I wish the theme of the monk was expanded to the general wuxia/anime martial artist/JRPG character and other unarmored but weapon wielding characters. Remove the forced unarmed fighting thing and allow them to use different weapon. I would also ignore the whole: use DEX for weapon. but not all of them: have their armorless feature give them a flat AC bonus when unarmored.
  • Gain +2 or 3 AC when unarmored, can still use shields (to allow for the 300's Spartans or LoZ's Link build). No AC bonus added by Wis.
  • Techniques DC based on their Wis mod.
  • This would make them reliant on 2 stats, like most gish-y character, with Con being an important third stat. You could go with Dex build to boost your AC and use smaller weapon, or go Str and have a lower AC but use bigger weapons.

High str, Medium dex, con, wis could be Link, Cloud, or any sohei with an halberd, or a gladiators.
High dex, Medium str, con, wis could be a duelist or swashbucker, you traditional ninja or two-daggers dancer.

Make them not based of the old trope of mystical ascetic martial artist, but more as characters that use their fighting style as a way of life.
 

Asisreo

Fiendish Attorney
I know that nobody complains about Druids because wow! Druid is so tanky and powerful when moon! but, honestly, why is the Druid's main form usually as an animal? Druids should be less beastboy and more Dryad. I get that they're good mechanically but what their flavor is supposed to be versus what the class portrays feels like 2 completely different things.

There shouldn't even be any debate whether a martial can tank better than a druid. A druid should always get their teeth knocked in even in wildshape during melee.
 

CapnZapp

Legend
I voted Ranger and Sorcerer.

They're the only two PHB classes that desperately need help.

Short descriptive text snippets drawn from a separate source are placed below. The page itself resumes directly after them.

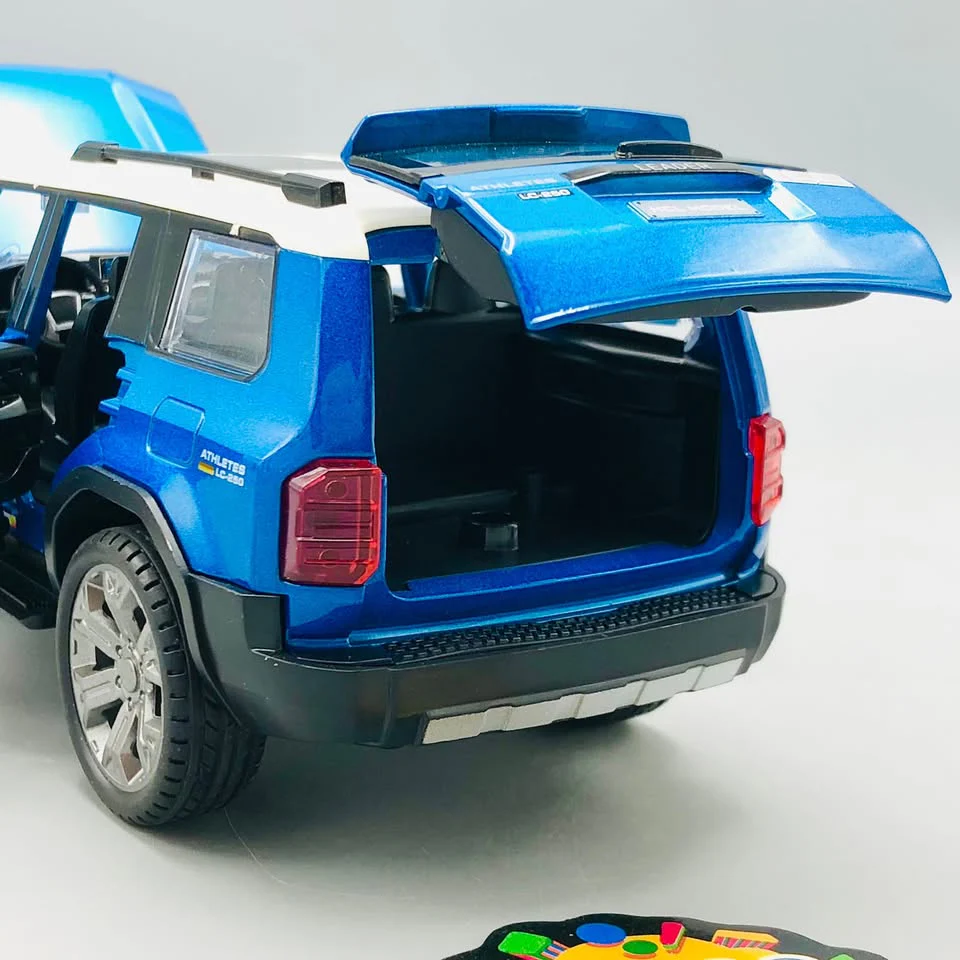 1:22 Diecast Leader Athlete LC-250 Model - Image 6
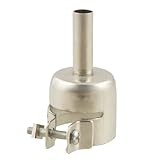 uxcell ノズル　シングルノズル　ステンレス鋼　850Aホットエアーリワークステーション用　6mmの直径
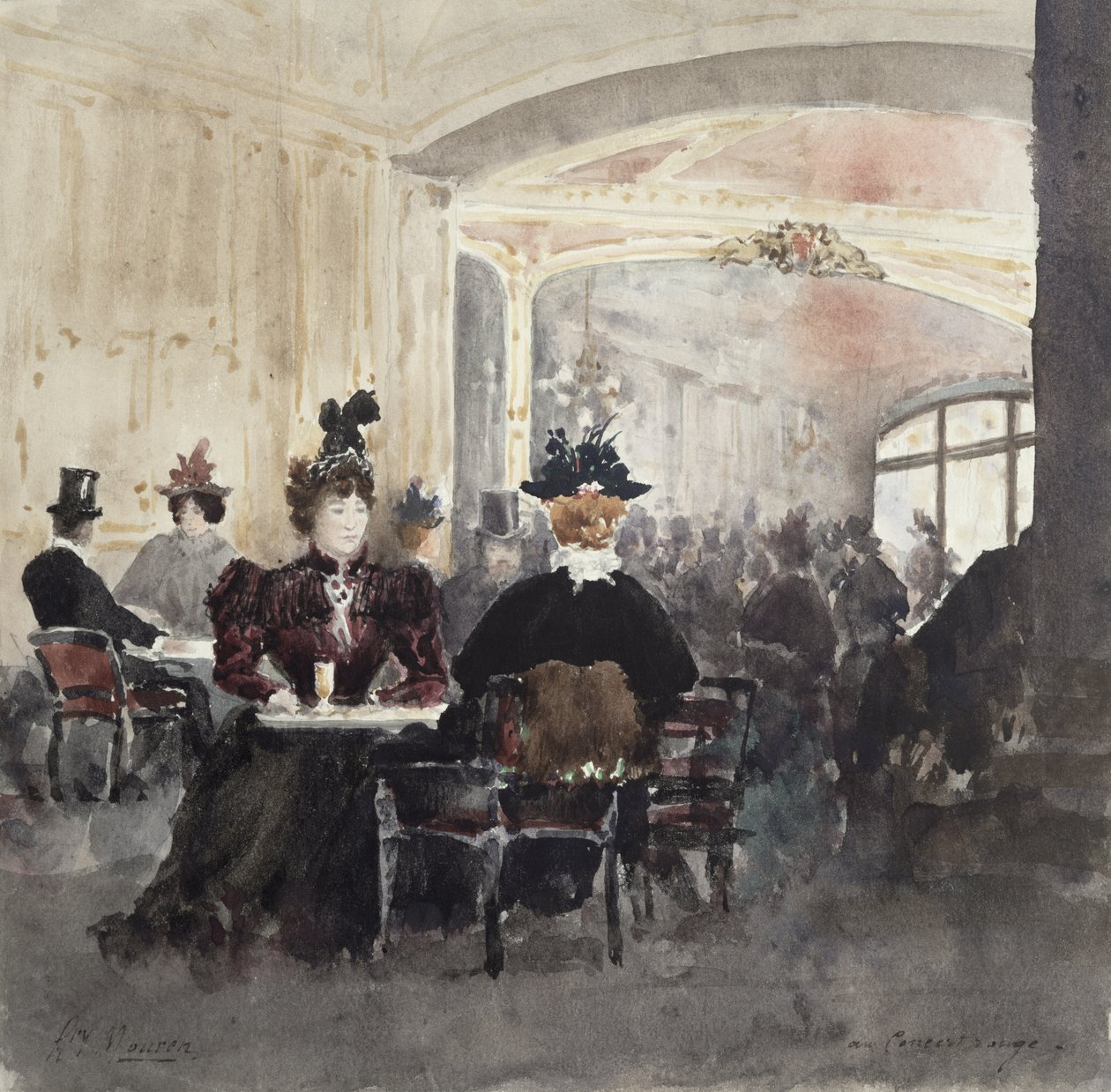 Concert Rouge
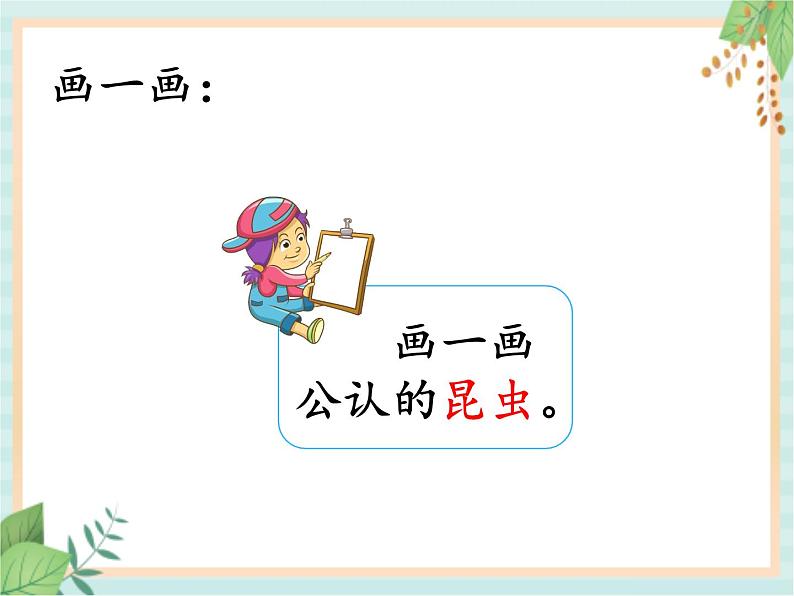 湘科版科学三年级上册2.1昆虫 课件03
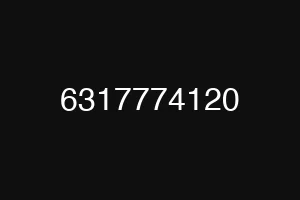 6317774120
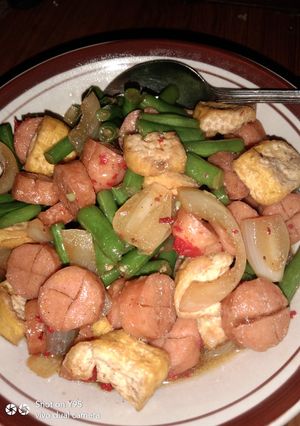 Foto resep Tumis bunsosta saus tiram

That doesn't mean Level Up should ignore other classes. You asked which classes need help the most. Beastmasters and Wild Mages are the only two subclasses I consider unplayable out of the book.

Sure Berserker Barbarians and Four Elements Monks are mechanically unsound as well, and Land Druids are weaker than Moon Druids, and so on, but not to the extent of the problems of those Ranger and Sorcerer subclasses.